Thursday, October 11, 2007

Start Making Sense

This is a good piece about SEO—search engine optimization which has indeed freaked out many people I know, with much of the fuss unnecessary.

Not surprisingly, The New York Times, with its knack for sometimes smart, literary references in headlines, keeps popping up in this discussion. The Times kicked off the mainstream conversation with its “This Boring Headline Is Written for Google” article last year.

Debate over how to best capture the attention of search engines has led people to think that creativity is dead, that plodding headlines focusing only on the basic facts will do.

But those heads have always been written that way. We have always had headlines that take up the basic facts and little more. Back in the 1980s, while working on a New York City tab, we jokingly compiled a list of heads we expected we’d need every day in the back of the book:


Man Stabbed in Subway
Woman Mugged in the Bronx
Police Raid Nets Drugs
Mayor Blasts Media
Fire Leaves Families Homeless
Pileup Snarls Traffic
Man Accused of Selling Crack


I’m not arguing for these kinds of boring, trite headlines, just that much of our work, though certainly not all, is already search-engine friendly and we’re working up a sweat over a not-so-big issue.

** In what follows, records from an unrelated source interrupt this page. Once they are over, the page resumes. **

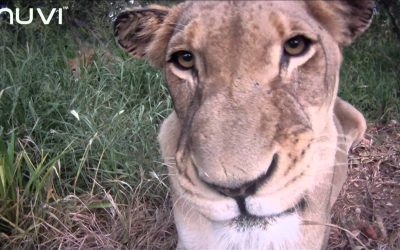 Veho MUVI HD: South African Safari – Close Up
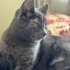 Değişik bir kedi fotoğraf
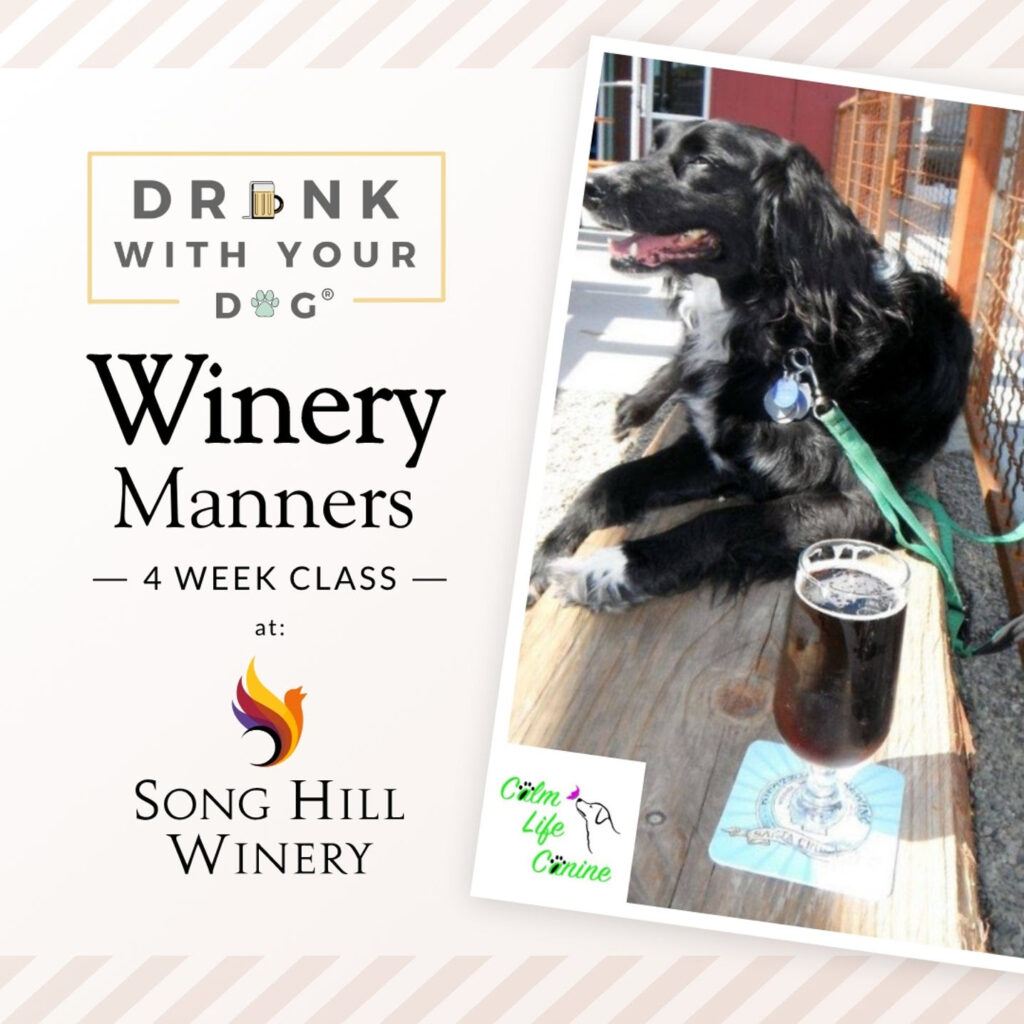 Dog-Friendly Wineries For Everyone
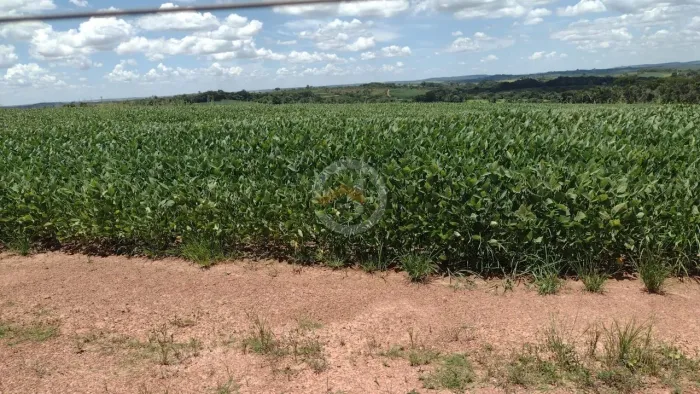 Fazenda em Silvania de 10 Alqueires com agua , 4 km do Asfalto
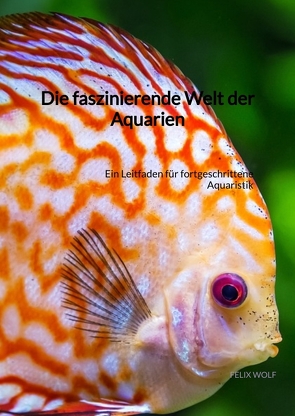 Die faszinierende Welt der Aquarien von Wolf,  Felix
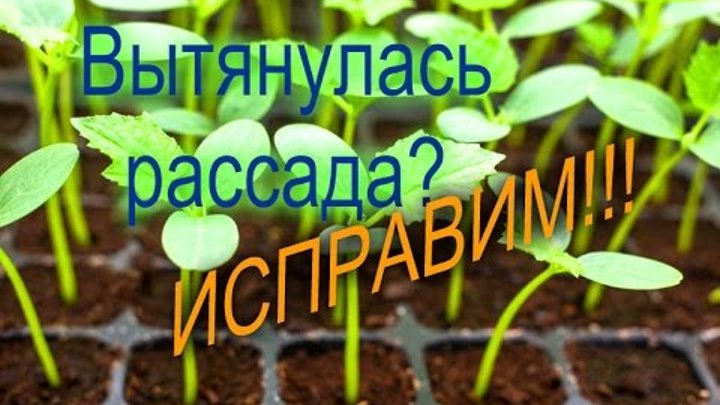 ЧТО ДЕЛАТЬ ЕСЛИ РАССАДА ОГУРЦОВ ВЫТЯНУЛАСЬ//УКРЕПЛЯЕМ КОРНИ// МОЯ ЛЮБИМАЯ УСАДЬБА смотреть онлайн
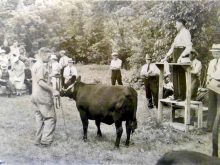 Fair attendees of past generations at the Portage Ex cattle show.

But it’s the more feature-y pieces, those with a more nuanced story to tell, that have editors worried that their creativity will be stifled. I argue that it’s just a matter of being smart and using the technology, rather than letting it run you.

We are once again arguing against a fait accompli: search-engine technology is going to govern some things we do. We must adapt and make it work to our advantage, not simply whine and complain about something no one outside the business really understands, let alone cares about.